"It was sad, but it was in the early stages of growth and it's not uncommon for young mammals to lose their first offsprings with miscarriages," zoo president Chuck Brady said.
Ya Ya, a 6-year-old panda on loan from China was artificially inseminated in January, and the zoo announced in May that she was pregnant.
The miscarriage was caused by Ya Ya's low level of the hormone progesterone, and she was not harmed by the pregnancy, Brady said.
The fetal tissue in Ya Ya's uterus had not yet begun to differentiate into a form recognizable as a baby panda. The gestational sac in which the fetal cells had begun to grow will be expelled natural.
Ya Ya, whose name means "beautiful little girl" in Chinese, can come and go from her enclosed quarters and will be back on display for zoo visitors at her choosing.

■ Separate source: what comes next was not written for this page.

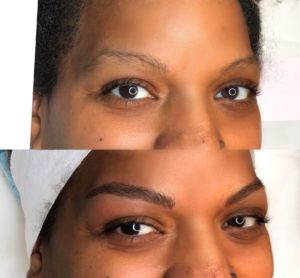 microblading before after dark skin petals laser lounge nyc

Zoo officials turned to artificial insemination after Ya Ya and her male companion, 8-year-old Le Le, failed to breed naturally.
Another attempt at mating will be tried in January or February, and artificial insemination will follow once again if that fails, Brady said.
The two pandas were brought to the Memphis Zoo in 2003 and are housed in a $16- million (euro12-million) "China Pavilion" built for them.
Three other U.S. zoos - San Diego, Washington and Atlanta - have giant pandas. The most recent panda cub born in the U.S. is Mei Lan, who was born in September in Atlanta.
Pandas are notoriously poor breeders - one reason their species is endangered - and females have only three days a year in which they can conceive.